### To do:
Please return the lines of the data below, word for word, from the first line through the line containing "77Green 77 Green".

Extracted data entries:

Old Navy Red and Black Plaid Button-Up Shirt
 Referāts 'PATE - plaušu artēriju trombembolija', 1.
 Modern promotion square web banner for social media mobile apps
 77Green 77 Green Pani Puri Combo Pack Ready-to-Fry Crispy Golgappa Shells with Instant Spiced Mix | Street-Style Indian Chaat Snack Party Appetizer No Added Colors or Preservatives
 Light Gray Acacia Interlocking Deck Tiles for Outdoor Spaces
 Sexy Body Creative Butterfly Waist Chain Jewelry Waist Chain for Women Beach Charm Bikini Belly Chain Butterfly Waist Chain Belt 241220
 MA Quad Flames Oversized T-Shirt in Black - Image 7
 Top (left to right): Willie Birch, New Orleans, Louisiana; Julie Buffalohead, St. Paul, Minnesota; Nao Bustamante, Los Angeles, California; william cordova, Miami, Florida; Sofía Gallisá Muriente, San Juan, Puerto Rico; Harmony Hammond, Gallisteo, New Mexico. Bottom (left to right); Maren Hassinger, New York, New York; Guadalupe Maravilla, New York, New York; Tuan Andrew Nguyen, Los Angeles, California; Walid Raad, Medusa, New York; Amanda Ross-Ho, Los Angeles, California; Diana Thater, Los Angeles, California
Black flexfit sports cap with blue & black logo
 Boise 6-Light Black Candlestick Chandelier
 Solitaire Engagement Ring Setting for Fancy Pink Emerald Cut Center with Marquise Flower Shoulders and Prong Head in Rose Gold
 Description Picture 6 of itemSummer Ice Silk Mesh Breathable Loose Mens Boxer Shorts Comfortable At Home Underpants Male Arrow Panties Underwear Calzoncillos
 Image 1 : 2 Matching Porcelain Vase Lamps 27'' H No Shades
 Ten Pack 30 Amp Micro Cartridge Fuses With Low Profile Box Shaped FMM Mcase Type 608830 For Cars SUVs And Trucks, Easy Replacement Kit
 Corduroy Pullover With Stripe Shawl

### Answer section:
Old Navy Red and Black Plaid Button-Up Shirt
 Referāts 'PATE - plaušu artēriju trombembolija', 1.
 Modern promotion square web banner for social media mobile apps
 77Green 77 Green Pani Puri Combo Pack Ready-to-Fry Crispy Golgappa Shells with Instant Spiced Mix | Street-Style Indian Chaat Snack Party Appetizer No Added Colors or Preservatives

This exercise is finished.